As a non-native English speaker who at the time was living alone in London, I was utterly taken by this text in its profound and truthful simplicity. It manages not only to tell a love story but also to teach those who have the mastery of a language that only non-native speakers can relate to. In the complicated political world, we currently live in, empathy, be it cultural or political, can be an antidote for chaos. In those days feeling seen by Guo felt like having peace in the middle of so much stress. Even if I don’t come from the same language as her, that book gave me a home, showed me I wasn’t alone in feeling alienated from everything around me. Guo’s writing does this softly without preaching to its audience or accommodating to Anglophone expectations. It helps some to see and others to be seen, without needing to overtly explain.

I guess from what I have learned by looking back at this period is that all human stories are about two underlying motifs: love and belonging. The last two titles I read from the Vintage Minis series that summer were explicitly about belonging: Home by Salman Rushdie and Love by Jeanette Winterson. Although from very different backgrounds and premises, these texts go so well together that it is almost impossible to think that they can be read separately and exclusively.

Rushdie explores his home as well as family and memory as he navigates through life first as an immigrant, and later as a British citizen. Rushdie’s insights on race, privilege, and culture make him a multifaceted author on the subject of belonging. By connecting certain painful experiences with human identity as a whole, belonging is what remains as the essence of humanity. Rushdie’s text on home shows how complex the subject of home really is. He discusses the essence of belonging and how most cultures tend to oversimplify it, never genuinely questioning its meaning or purpose.

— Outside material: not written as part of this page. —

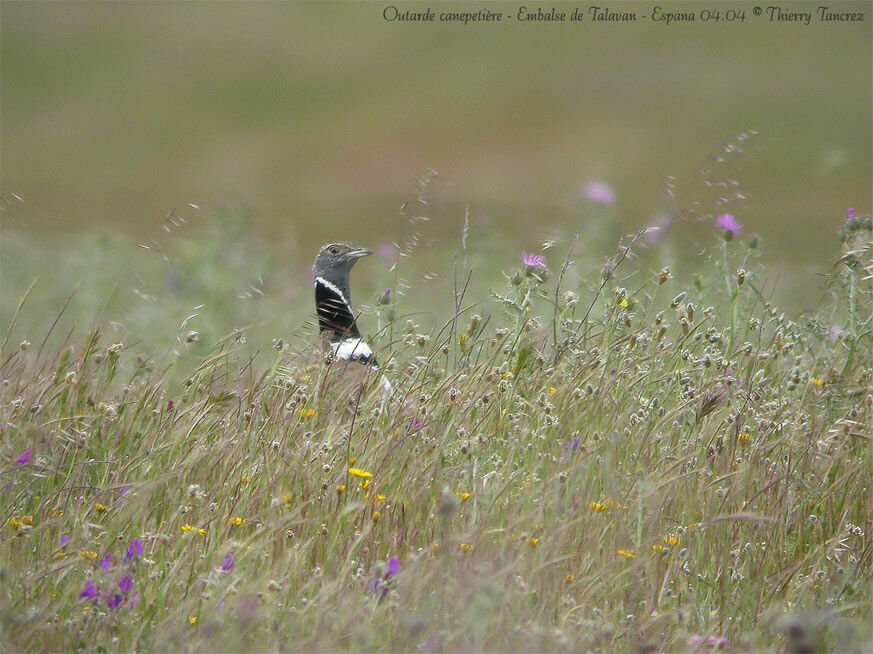 Little Bustard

Winterson, on the other hand, chooses to explore these topics in a more personal way. In retelling her family’s struggle to accept her sexual orientation, as well as exploring her ever-changing meaning of love. In both memoir and fiction, her stories are rooted in the need to explore oneself in the world, to seek self-knowledge and understanding. When read together, these texts create a beautiful exploration into what it means to be human, both inside and out.

More importantly, though, these authors helped me and my partner connect despite the physical distance that we were experiencing. Remarkably, these books helped us communicate our love. Helping us define what our relationship truly meant to us even if, when we first started, we had such different understandings of what a relationship was.

The Vintage Mini collection is superb, and I hope as I move on to other titles in the collection that my understanding of what it means to be a human in this world expands. Not all experiences will be the same; we are unique as individuals. We struggle with different privileges and prejudices in our lives. However, the most important thing about it for me is that these books helped me and my partner get through to each other and communicate at a difficult point in our lives. It helped us start what is now an extensive library together. Most importantly, it allowed us to talk about hard subjects through our shared love of reading.